Task to complete -> Exclude all pictures, and reproduce exactly the lines from the one containing "X0000088651460200706081625" through the end of the records, with nothing else added.

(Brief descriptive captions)
········
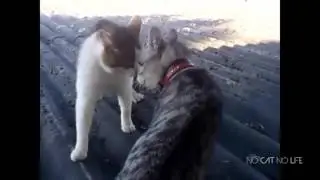 Смешные падения! СМЕШНЫЕ НЕУДАЧИ! ТП! Лучшие приколы! Приколы над людьми! 315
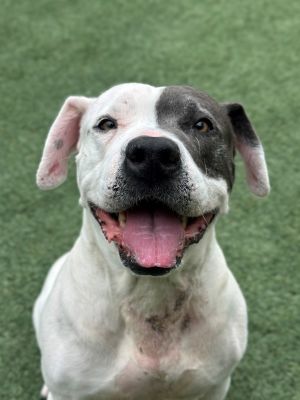 Hi Im Ella-a 6-year-old female Pitbull mix with the softest eyes the sweetest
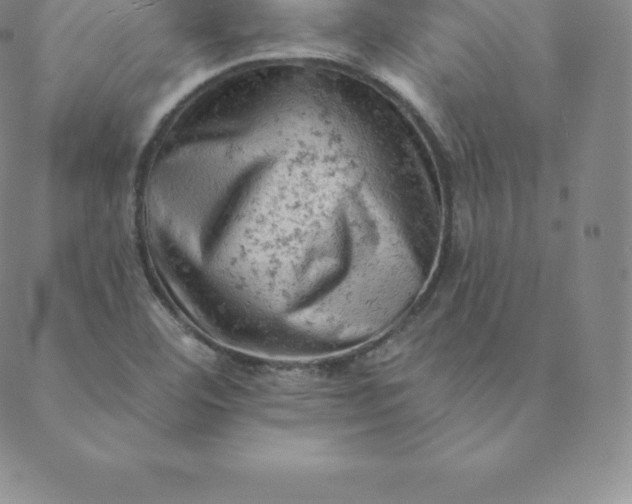 X0000088651460200706081625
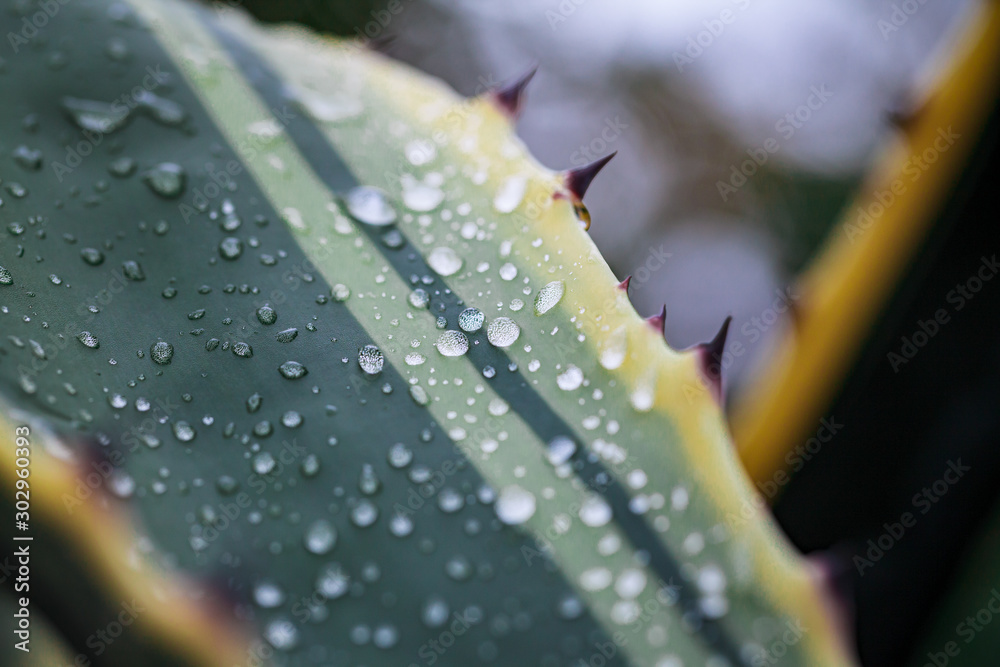 Naklejka premium Gocce 3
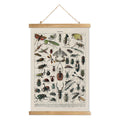 XIAOAIKA Vintage Entomology Poster - Illustrated Insect Species Chart with Wooden Frame - Educational Bug Identification Wall Ar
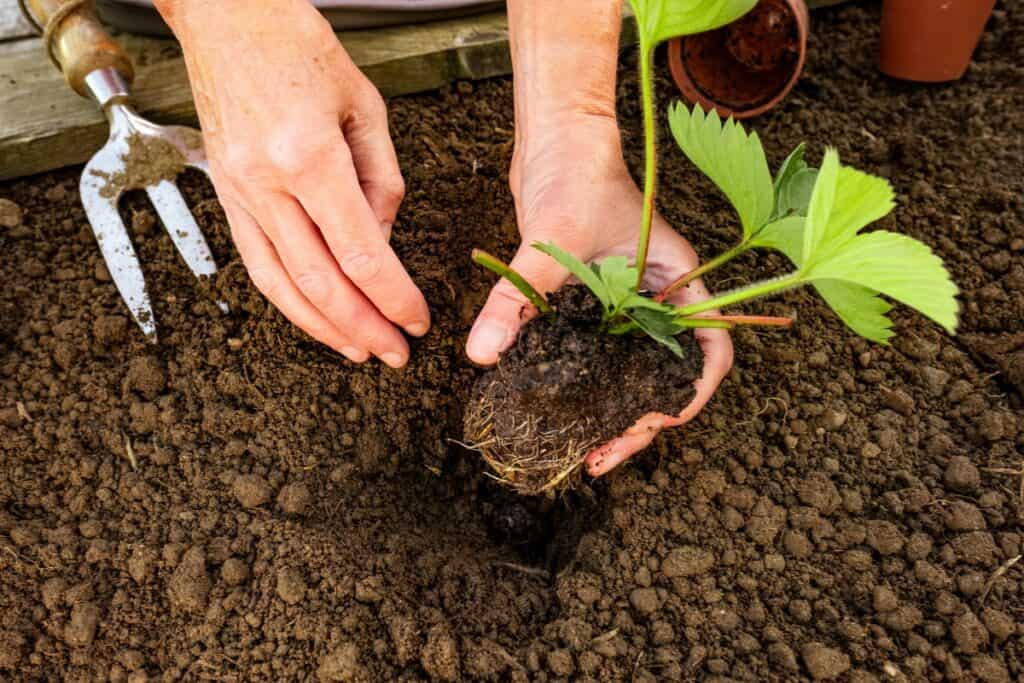 wanneer aardbeien planten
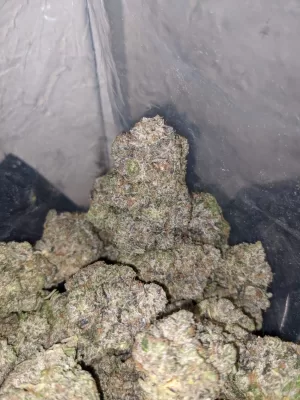 AK 47 Hybrid Weed | AK-47 Buds | Buy ak 47 Strain Online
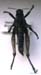 Haplotropis_brunneriana_m_01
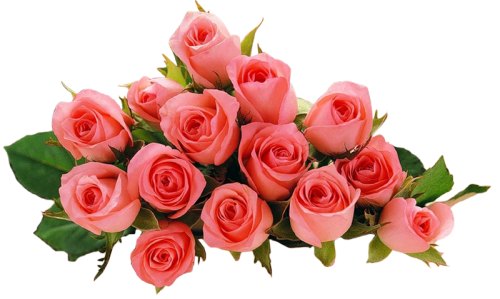 0_728f6_7049a547_XL_yapfiles.ru.png
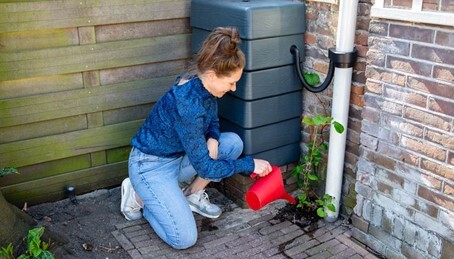 Vrouw die water geeft aan een plantje die voor een regenton staat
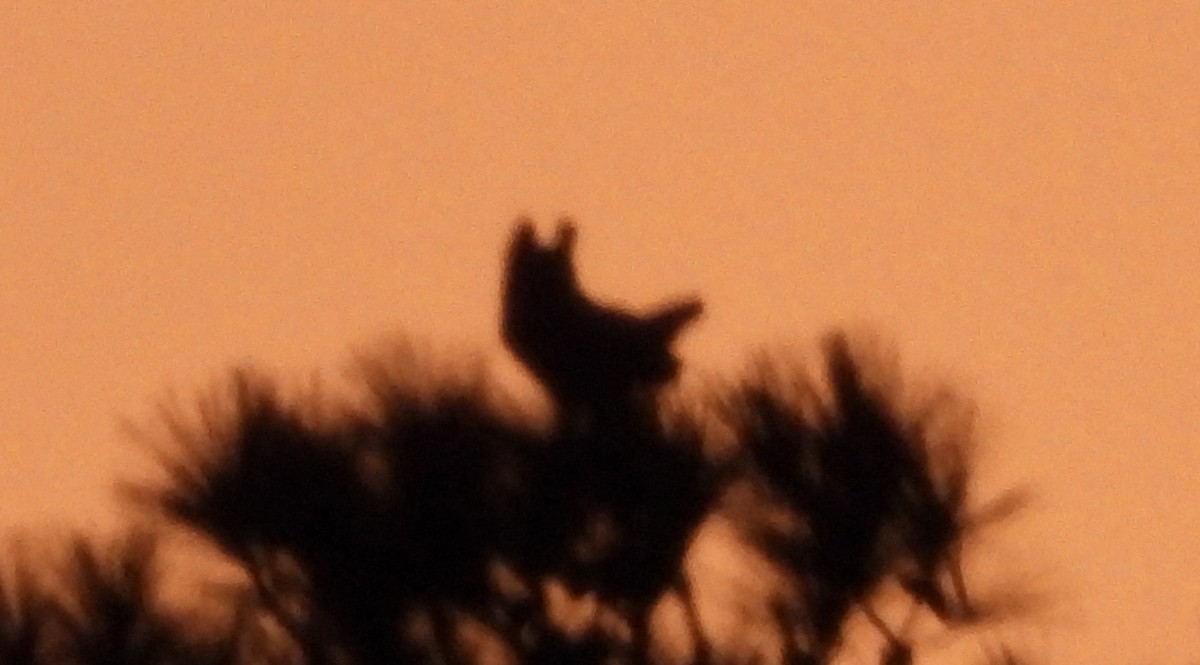 Great Horned Owl - ML646052526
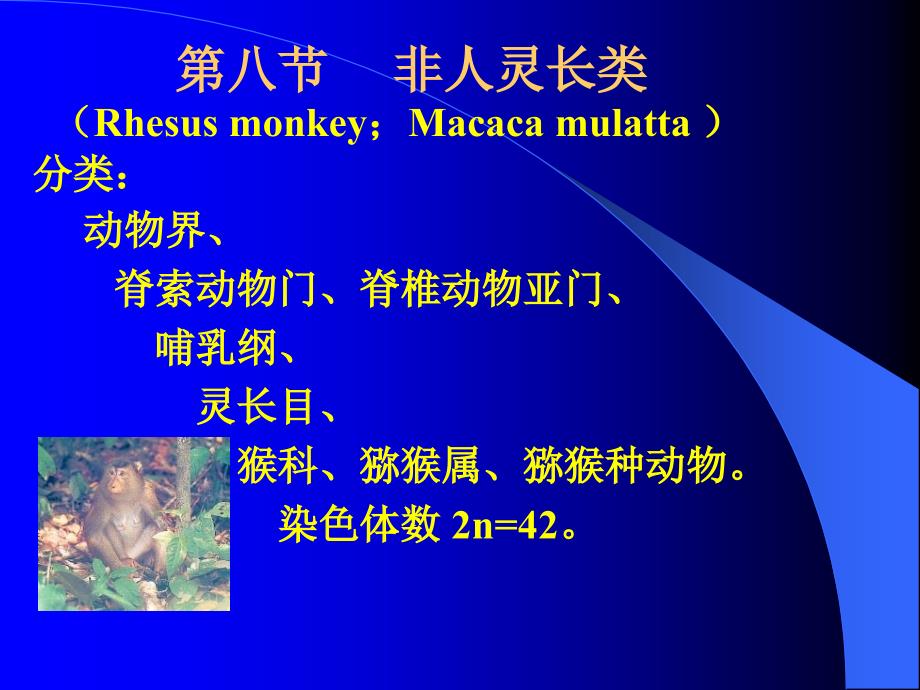 常用实验动物4_第1页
········
Exercise response ->
 X0000088651460200706081625
 Naklejka premium Gocce 3
 XIAOAIKA Vintage Entomology Poster - Illustrated Insect Species Chart with Wooden Frame - Educational Bug Identification Wall Ar
 wanneer aardbeien planten
 AK 47 Hybrid Weed | AK-47 Buds | Buy ak 47 Strain Online
 Haplotropis_brunneriana_m_01
 0_728f6_7049a547_XL_yapfiles.ru.png
 Vrouw die water geeft aan een plantje die voor een regenton staat
 Great Horned Owl - ML646052526
 常用实验动物4_第1页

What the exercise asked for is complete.